Limor Eger (PhD ’12)
Prof. W. Clem Karl, Prof. Prakash Ishwar, Dr. Synho Do (Mass. General Hospital), Dr. Homer Pien (Mass. General Hospital)
Funding: ALERT- A Department of Homeland Security Center of Excellence
Background: X-ray computed tomography (CT) is widely used for medical diagnosis and for security purposes such as baggage inspection. CT gives a three-dimensional image of the scanned object based on its x-ray attenuation. The attenuation depends on the material being scanned and is also a function of the energy of the incident x-ray photons. In multi-energy computed tomography (MECT), multiple energy-selective measurements of the attenuation of the object are obtained. MECT measurements can be used to infer information about the chemical composition of the object, potentially allowing discrimination of materials which are indistinguishable in the conventional single-spectrum case.
Description: In this project we investigate MECT reconstruction algorithms for the purpose of material identification and explosives detection. In general, the input to such algorithms is a set of measurements collected by MECT systems and the output is a set of material-specific parameters, such as effective atomic number and density.

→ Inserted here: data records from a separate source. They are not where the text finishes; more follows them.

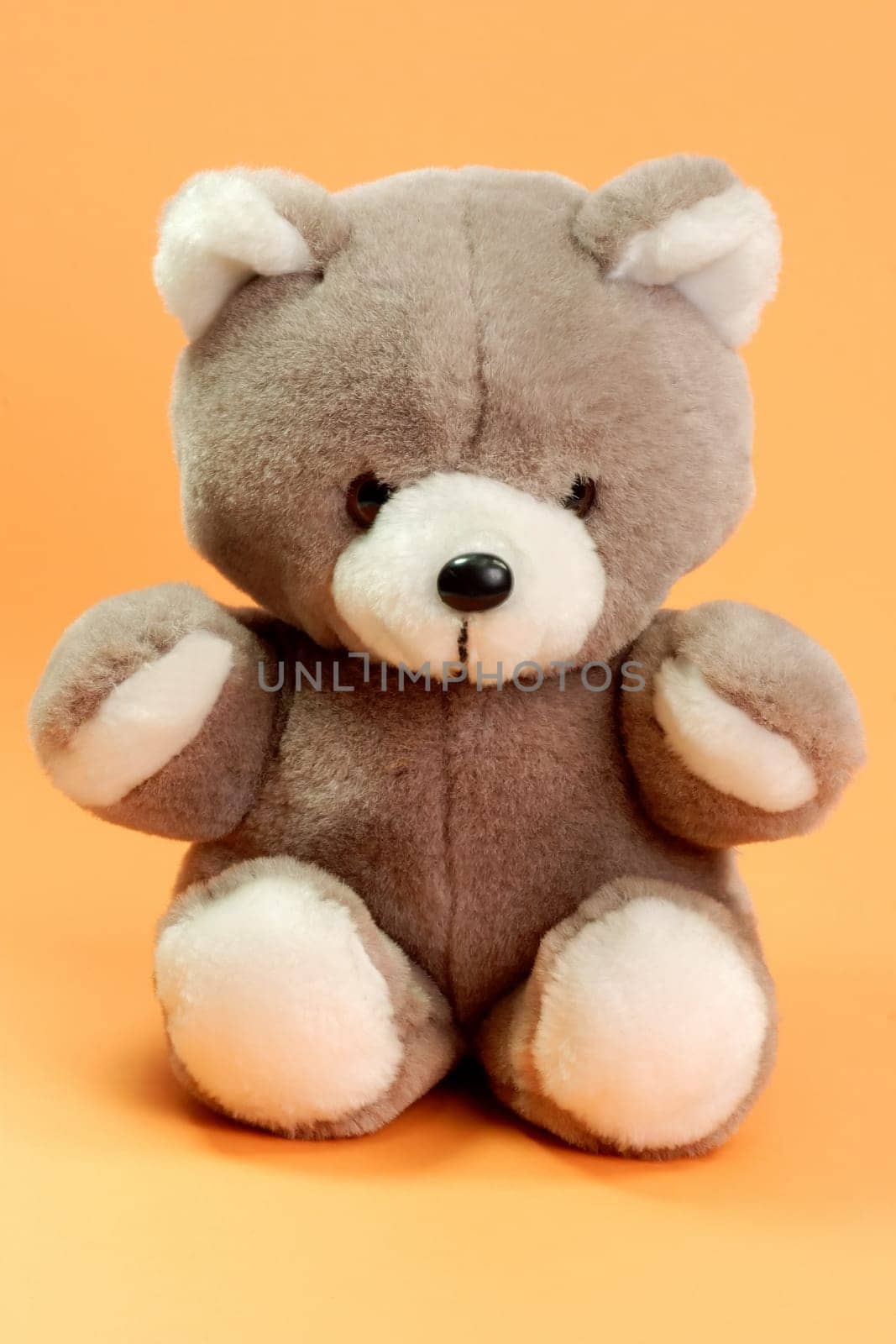 Teddy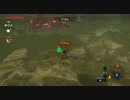 #64【ゼルダの伝説 ブレス オブ ザ ワイルド】パラセールでどれだけ飛べるか！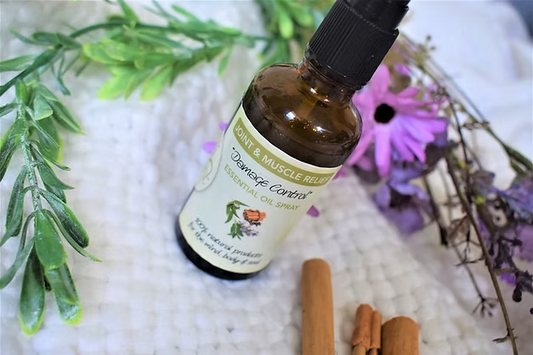 Nudi Point "Damage Control" - Joint & Muscle Relief Spray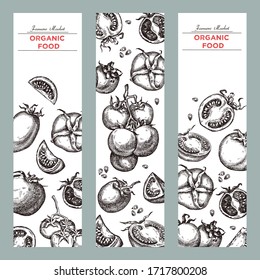 Template for label design with hand drawn linear tomato vegetables. Can be used for brochures, banner, restaurant menu, farmers market and organic food store
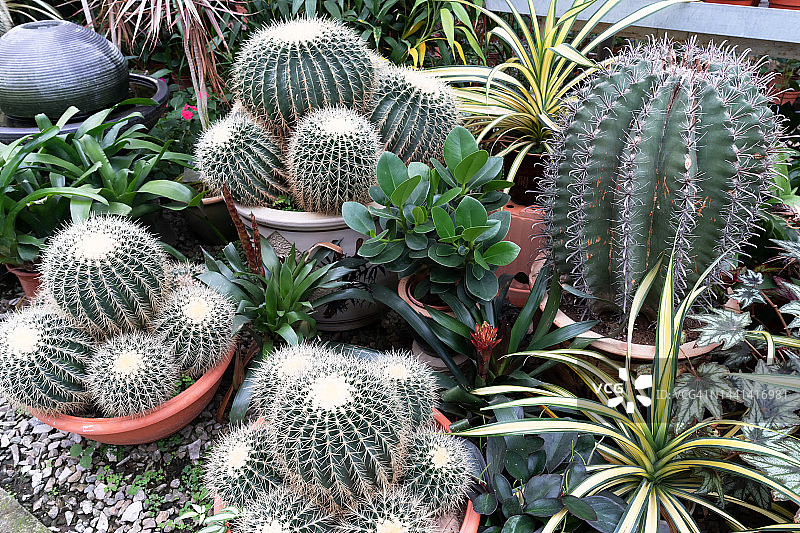 花园中的金琥仙人掌和其他植物图片素材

Multi-energy equations can be easily written and solved for monochromatic energy spectra and perfect detectors but become complex when considering realistic spectra, detector sensitivity, and system non-linearity. The project aims to advance MECT detection algorithms by: (i) introducing physics-driven model-based statistical methods for extraction of information from MECT measurements, (ii) developing an understanding of the information available in MECT data that is relevant to discrimination of explosive threats, and (iii) developing and applying learning-based methods to multi-energy material discrimination.
Results: Preliminary work has been performed on extensions to current image-based multi-energy techniques, a new statistical MECT reconstruction method based on the Extended Kalman Filter and on feature-selection for discriminating between explosives and non-explosives. Initial results show promise for improved material-discrimination.
L. Eger, S. Do, P. Ishwar, W. C. Karl, and H. Pien, “A learning-based approach to explosives detection using multi-energy X-ray computed tomography,” Submitted to ICASSP 2011.